All amounts will help, so perhaps when you are out and about partying this weekend, everyone could put aside a few dirhams for those who need it. Could the posse perhaps make a collection? If you are Christmas shopping, maybe buy one less item and pass the cash to someone who really needs it? I can arrange to collect.

Please feel free to ask any questions, or to PM me to arrange to pass on donations.

Thanks all 

-


----------



## Geordie Armani (Jan 24, 2008)

Elphaba this is amazing!! I will be at the Lakes Club on Sunday morning from 11 am to take donations. I will also be at Mall of the Emirates tomorrow morning. Level 2 Carrefour entrance, from 11 am for about half an hour. Dig deep peeps!


----------



## caldwema (Oct 9, 2008)

Geordie Armani said:


> Elphaba this is amazing!! I will be at the Lakes Club on Sunday morning from 11 am to take donations. I will also be at Mall of the Emirates tomorrow morning. Level 2 Carrefour entrance, from 11 am for about half an hour. Dig deep peeps!


Good to know Geordie, I will pass the word around to all who make it out this weekend. I am sure we can all afford to take a pass on even one drink and put that money towards a good cause. Any little bit will help, it's all adds up. So anyone looking to donate and you are out with us this weekend, just let me know and I will make sure the donations reach the correct hands.


----------



## crazymazy1980 (Aug 2, 2008)

caldwema said:


> Good to know Geordie, I will pass the word around to all who make it out this weekend. I am sure we can all afford to take a pass on even one drink and put that money towards a good cause. Any little bit will help, it's all adds up. So anyone looking to donate and you are out with us this weekend, just let me know and I will make sure the donations reach the correct hands.


Went at the same task in different directions


----------



## Elphaba (Jan 24, 2008)

Caldwema & Crazymazy - just the answer I was hoping for. 

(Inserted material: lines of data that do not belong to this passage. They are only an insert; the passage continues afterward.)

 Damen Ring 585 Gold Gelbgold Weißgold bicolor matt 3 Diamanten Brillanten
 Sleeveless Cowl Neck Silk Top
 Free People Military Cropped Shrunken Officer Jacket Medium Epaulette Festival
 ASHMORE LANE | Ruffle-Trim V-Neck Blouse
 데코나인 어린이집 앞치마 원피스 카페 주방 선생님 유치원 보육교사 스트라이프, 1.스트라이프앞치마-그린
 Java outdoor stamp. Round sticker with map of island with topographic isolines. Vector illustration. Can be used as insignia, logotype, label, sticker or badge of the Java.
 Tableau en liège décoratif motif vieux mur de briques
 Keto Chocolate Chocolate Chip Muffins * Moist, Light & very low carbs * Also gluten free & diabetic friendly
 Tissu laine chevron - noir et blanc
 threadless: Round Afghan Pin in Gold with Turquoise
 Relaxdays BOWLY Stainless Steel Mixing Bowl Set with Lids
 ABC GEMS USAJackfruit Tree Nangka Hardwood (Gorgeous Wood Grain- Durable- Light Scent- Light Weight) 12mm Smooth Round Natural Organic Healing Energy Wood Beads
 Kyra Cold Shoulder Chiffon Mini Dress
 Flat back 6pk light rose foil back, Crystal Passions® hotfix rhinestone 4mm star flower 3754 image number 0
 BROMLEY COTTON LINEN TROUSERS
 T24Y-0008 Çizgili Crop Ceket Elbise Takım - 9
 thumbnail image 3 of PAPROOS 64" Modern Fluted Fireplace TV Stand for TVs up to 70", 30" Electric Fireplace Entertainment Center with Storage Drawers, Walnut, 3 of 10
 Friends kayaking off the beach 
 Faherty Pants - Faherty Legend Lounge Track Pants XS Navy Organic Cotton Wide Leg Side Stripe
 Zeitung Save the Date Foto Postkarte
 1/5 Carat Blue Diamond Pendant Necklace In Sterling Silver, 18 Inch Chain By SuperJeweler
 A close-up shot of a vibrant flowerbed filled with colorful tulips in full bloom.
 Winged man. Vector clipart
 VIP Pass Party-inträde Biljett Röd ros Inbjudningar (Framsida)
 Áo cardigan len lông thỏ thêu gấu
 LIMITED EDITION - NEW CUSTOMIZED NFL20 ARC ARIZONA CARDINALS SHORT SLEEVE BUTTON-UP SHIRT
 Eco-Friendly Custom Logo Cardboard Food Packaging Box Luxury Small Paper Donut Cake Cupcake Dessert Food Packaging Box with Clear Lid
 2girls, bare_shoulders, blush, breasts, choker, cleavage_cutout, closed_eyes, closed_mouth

If everyone just set aside the price of a pint/cocktail you could get together quite a bit. Let me know if you want to meet for a quick handover during Eid as I will be around.

Thanks


-


----------



## stevieboy1980 (Sep 9, 2008)

were on a huge construction site, the client has cut the project down temporary for a while, high level directors orders us to release over 2,500 labourers and possibly they would of been sent back to the camps and sent home.
We managed to speak to other sites and the current site and relocate ALL of them, yes ALL of them.
Not a donation as such, but even so I feel it saved a lot of jobs...

Our workload is due to pick up again in april time 2009, and I have managed to keep them all going until them, with the help of some other people


----------



## Elphaba (Jan 24, 2008)

stevieboy1980 said:


> were on a huge construction site, the client has cut the project down temporary for a while, high level directors orders us to release over 2,500 labourers and possibly they would of been sent back to the camps and sent home.
> We managed to speak to other sites and the current site and relocate ALL of them, yes ALL of them.
> Not a donation as such, but even so I feel it saved a lot of jobs...
> 
> Our workload is due to pick up again in april time 2009, and I have managed to keep them all going until them, with the help of some other people


That is excellent news. Well done. 

-


----------



## Grantley (Oct 6, 2008)

Probably the wrong idea, but... We've just arrived here, and didn't know what to bring, so brought everything. So our place here is not big enough, and we've a ton of stuff that we probably won't get tuppence for. Cooker, fridge, freezer, bookcases, garden furniture and so on. Is there anyone I can donate it to, who might be able to find some sort of use for reasonable quality, not very used stuff? We've been appalled at what the labourers put up with, and would like to help somehow. thanks


----------



## Elphaba (Jan 24, 2008)

Grantley said:


> Probably the wrong idea, but... We've just arrived here, and didn't know what to bring, so brought everything. So our place here is not big enough, and we've a ton of stuff that we probably won't get tuppence for. Cooker, fridge, freezer, bookcases, garden furniture and so on. Is there anyone I can donate it to, who might be able to find some sort of use for reasonable quality, not very used stuff? We've been appalled at what the labourers put up with, and would like to help somehow. thanks


That is very generous of you. I'll see if anyone is after anything and get back to you.

Thanks

-


----------



## Elphaba (Jan 24, 2008)

We now have a Paypal account for anyone who would like to make an online donation from their own Paypal account. UAE Dirhams are not supported by Paypal, but donations can be made in Sterling, US Dollars, Euros and 15 other currencies.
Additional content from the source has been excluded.